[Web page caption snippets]

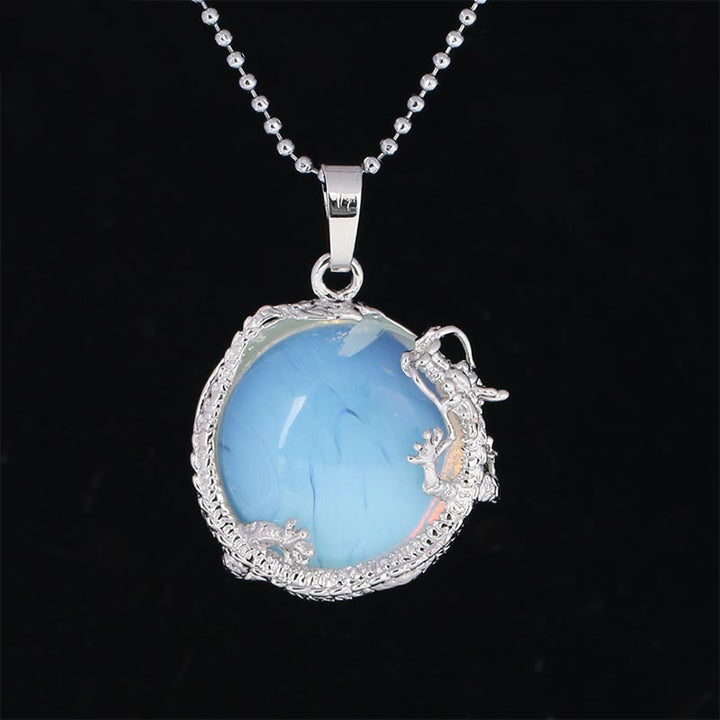 Buddha Stones Chiński Smok Naturalny Kryształ Kwarcowy Uzdrawiająca Energia Naszyjnik Wisiorek - Opal - image 27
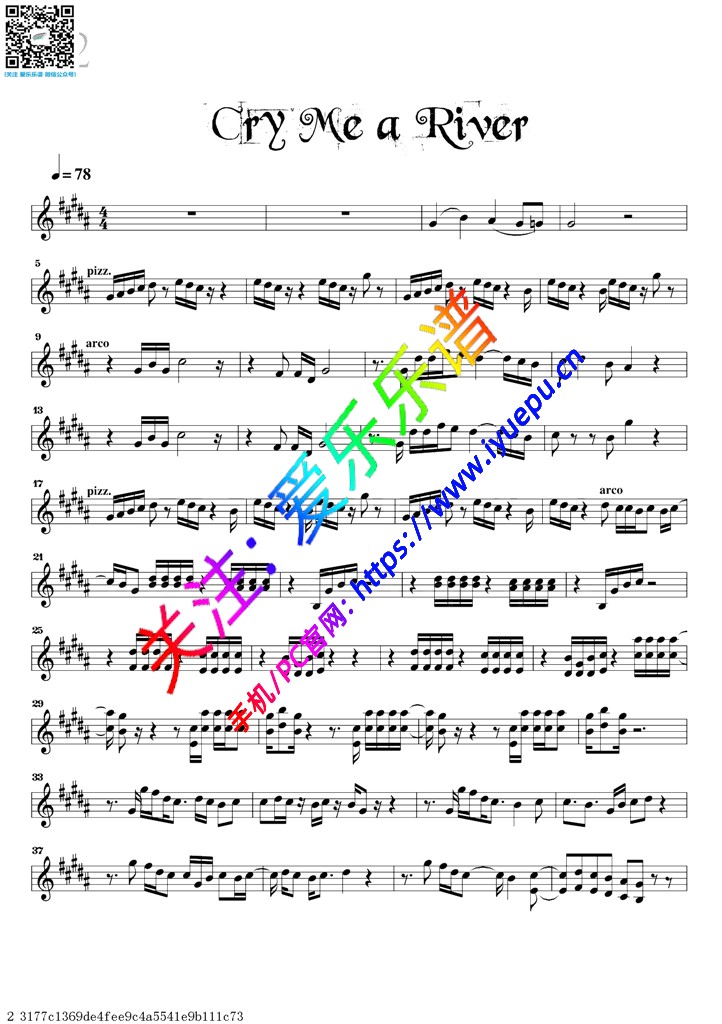 Cry Me a River-小提琴独奏谱 David Garrett 戴维·嘉雷特 大卫·盖瑞 大卫·加勒特 乐谱曲谱总谱分谱伴奏音乐在线预览试听下载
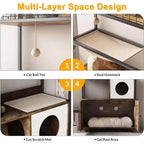 Meuble cache litière pour chat avec couchage et accessoires à gratter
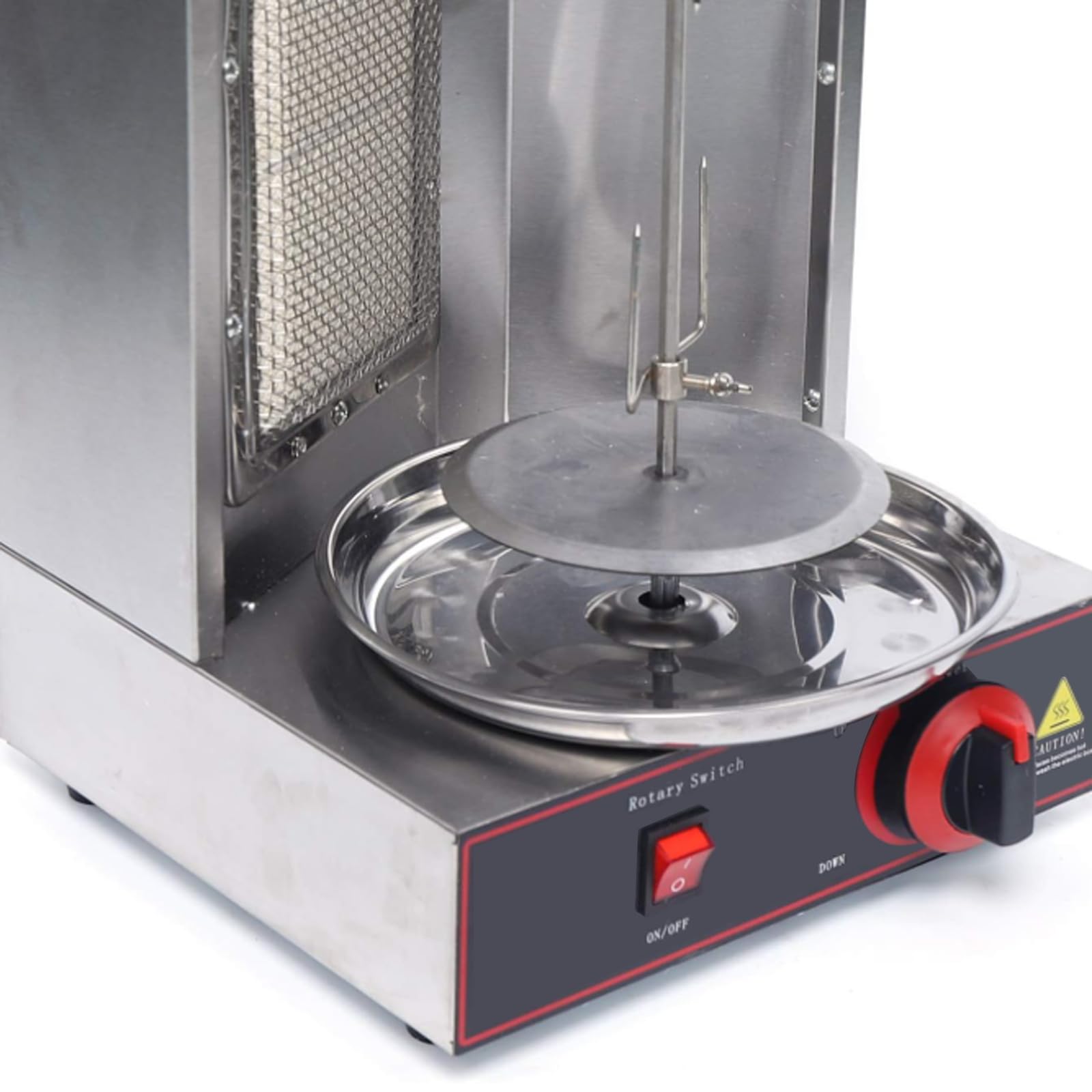 Pequeña máquina de parrilla de gas/GLP shawarma, rotación automática de 360°, altura ajustable, calentamiento rápido y uniforme, capacidad 3 kg/hora, asador de pollo doméstico
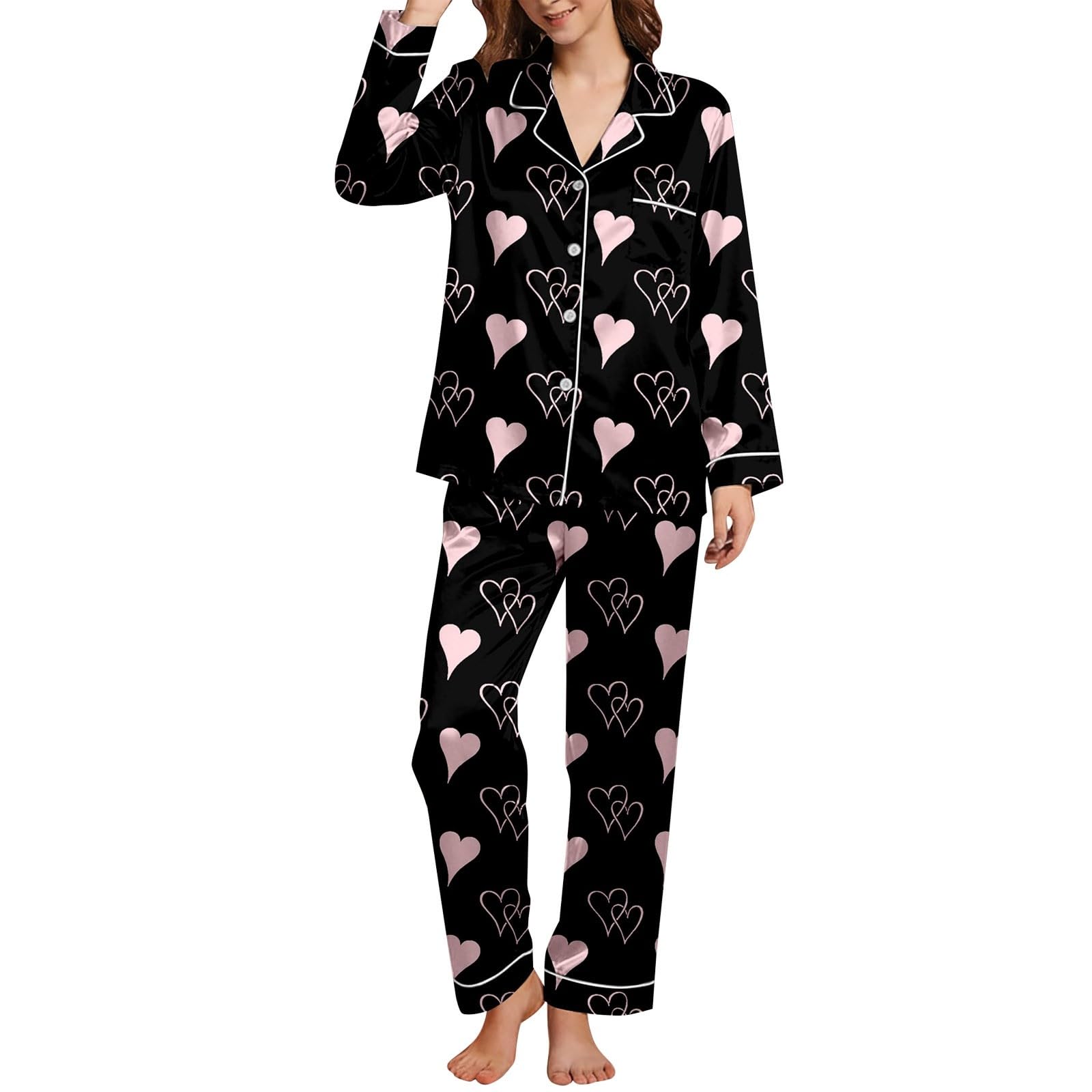 Weiches und kuscheliges Pyjama-Langarmshirt mit bequemer Hose – lässige Schlafbekleidung für die Nacht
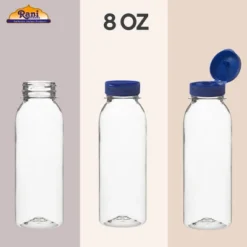 Clear Plastic Bottles 8oz PET Bottle With Flip-top Caps Made In USA - Pack Of 100 -Kitchen GUEST 3a5719b7 5157 4da6 acd8 98cd99f0b2dc 2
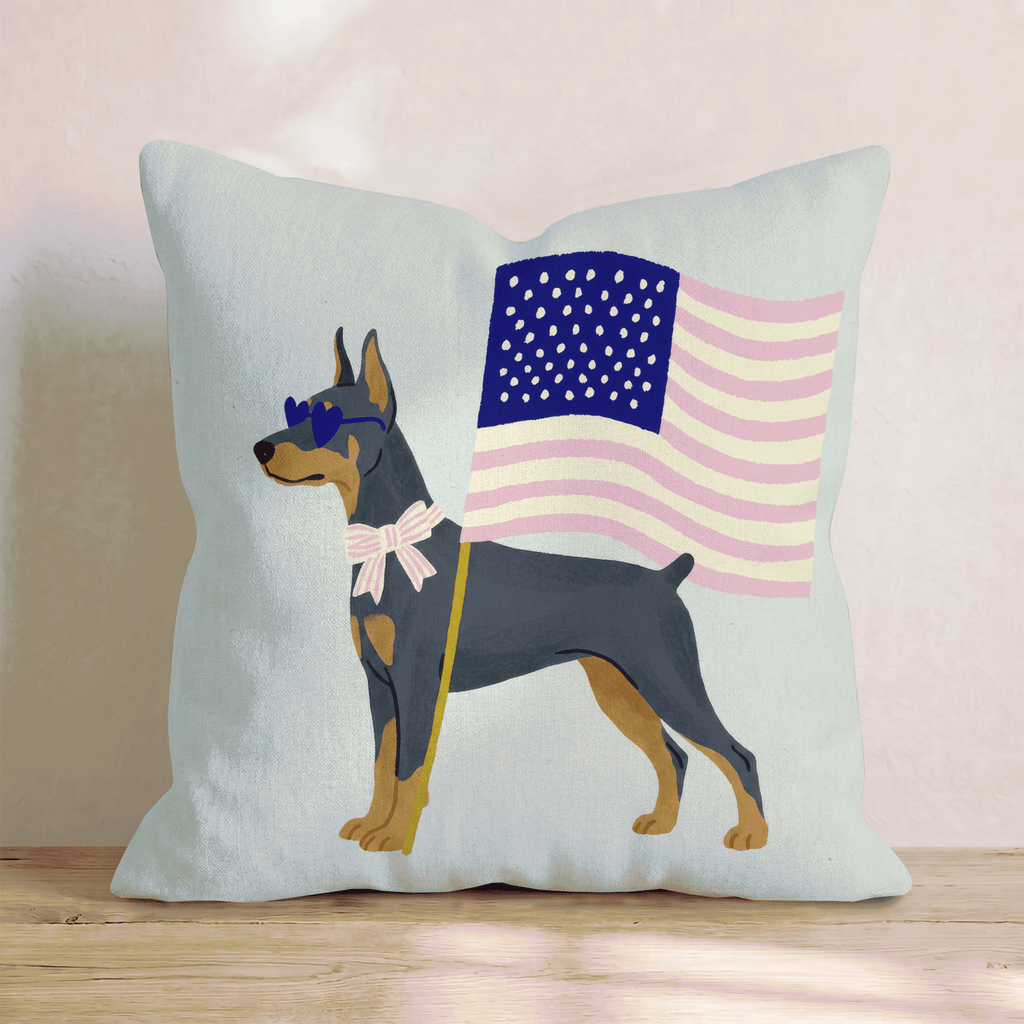 Patriotic Doberman Pinscher Throw Pillow - Hillcroft Home
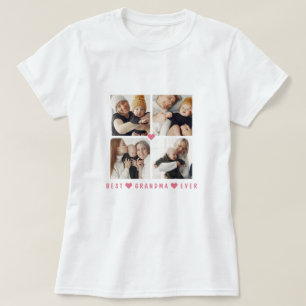 T-shirt Personnalisé Moderne 4 Photo 'Meilleure grand-mère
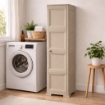 ARMADIO A COLONNA CON 4 RIPIANI E 1 ANTA LISCIA TOUPE DIMENSIONI 40X43X164H CM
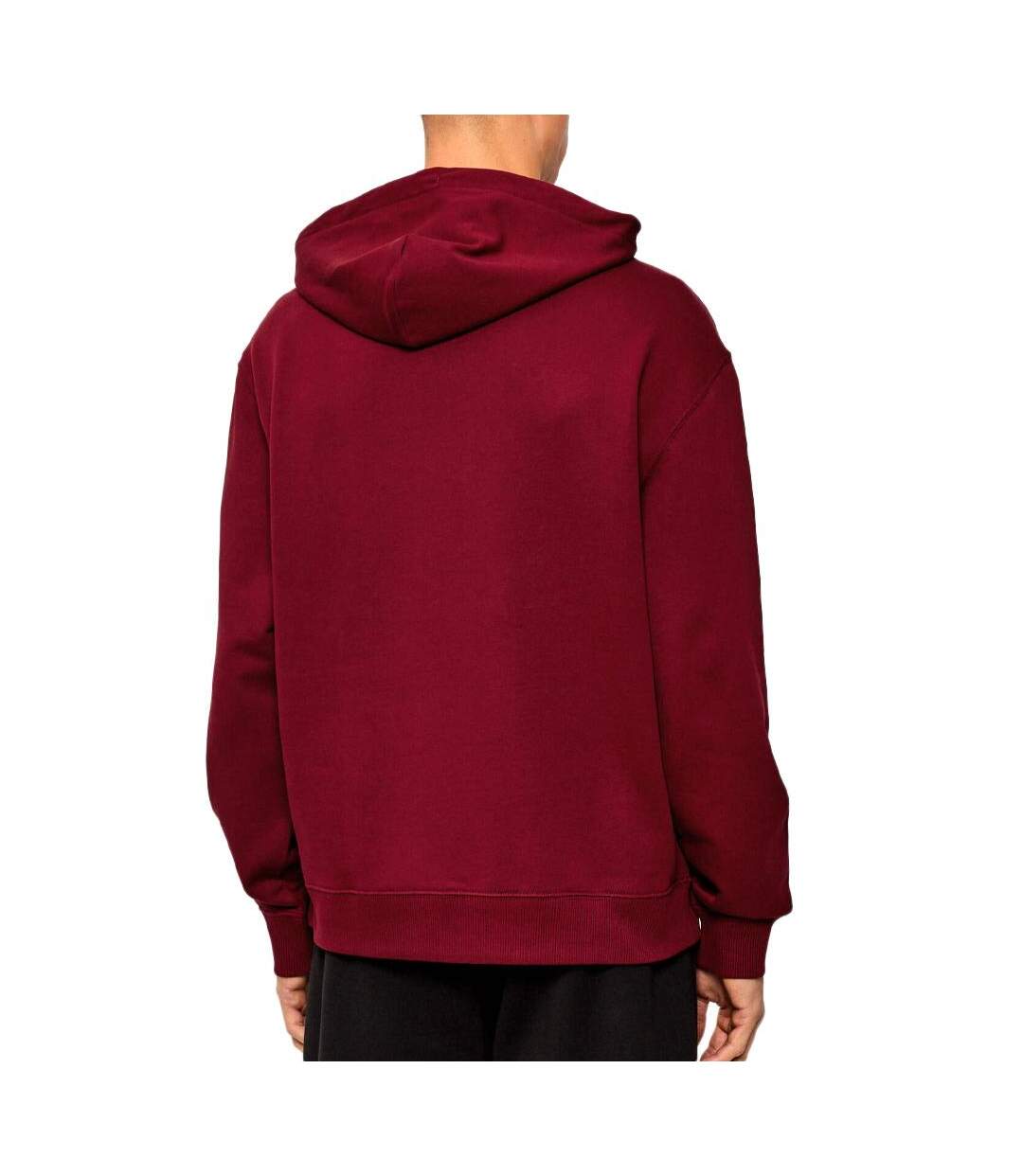 Sweat à capuche bordeaux homme calvin klein jeans 350terry micro badge-2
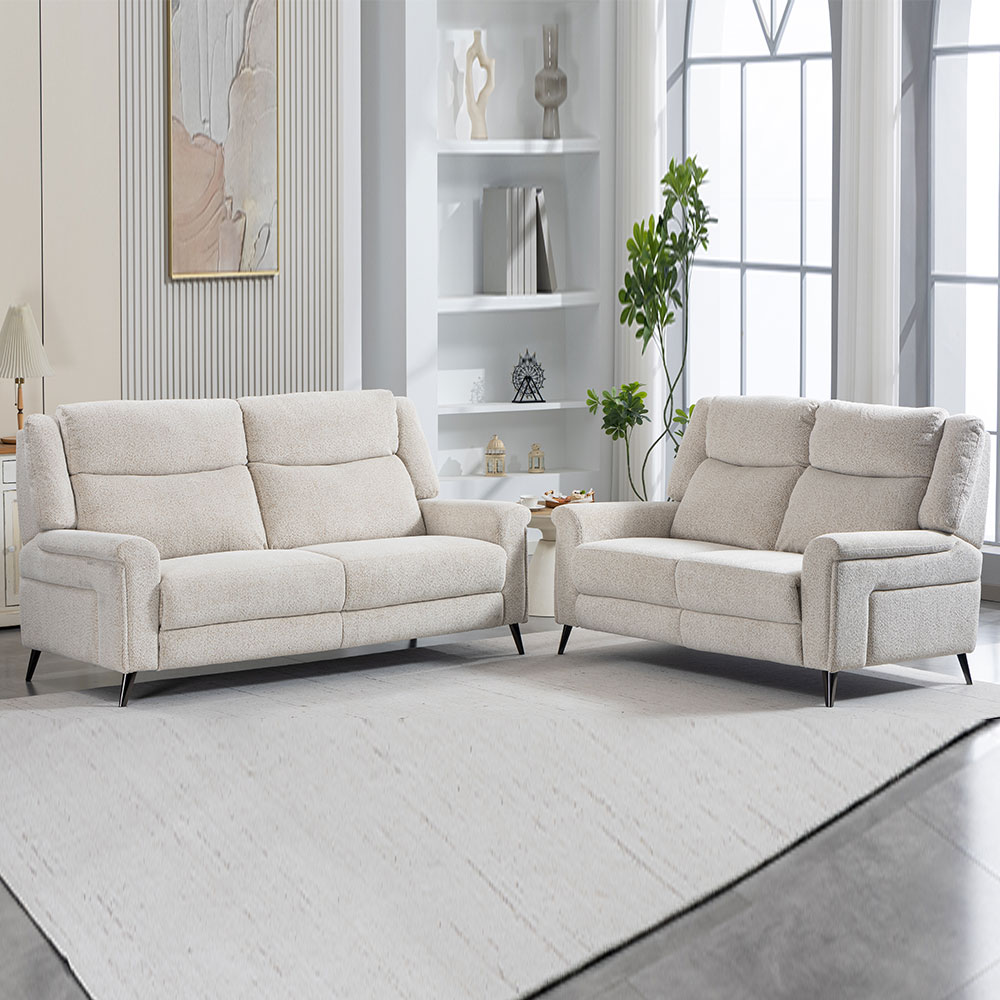 Serina Fabric Manual Recliner 3+2 Seater Sofa Set in Oatmeal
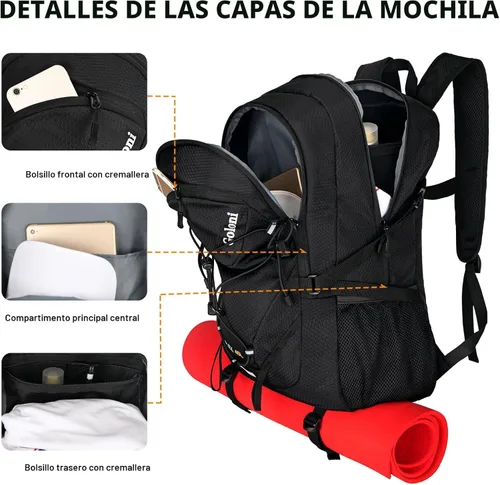 Miniatura 6 de Mochila de senderismo de 45L con cubierta para lluvia, mochila de camping ligera plegable para senderismo, mochila resistente al agua con sistema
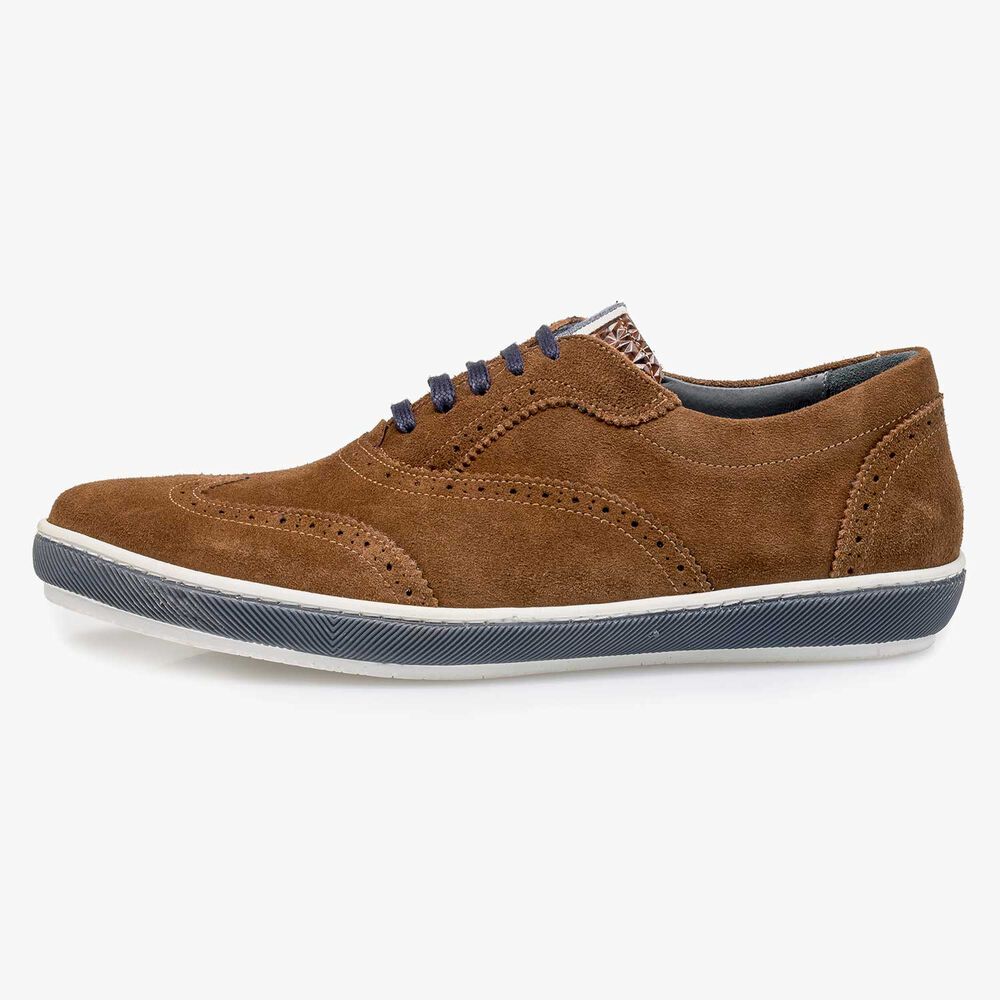 Brown suede leather brogue shoe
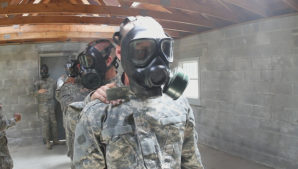 Cadets undergo CS Gas training.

ASSIGNED TASK: I would like the exact lines from the data above, starting with the one that holds "Pequeña máquina de" and going on through the one that holds "Patriotic Doberman Pinscher", without the pictures.

ANSWER BOX:
 Pequeña máquina de parrilla de gas/GLP shawarma, rotación automática de 360°, altura ajustable, calentamiento rápido y uniforme, capacidad 3 kg/hora, asador de pollo doméstico
 Weiches und kuscheliges Pyjama-Langarmshirt mit bequemer Hose – lässige Schlafbekleidung für die Nacht
 Clear Plastic Bottles 8oz PET Bottle With Flip-top Caps Made In USA - Pack Of 100 -Kitchen GUEST 3a5719b7 5157 4da6 acd8 98cd99f0b2dc 2
 Patriotic Doberman Pinscher Throw Pillow - Hillcroft Home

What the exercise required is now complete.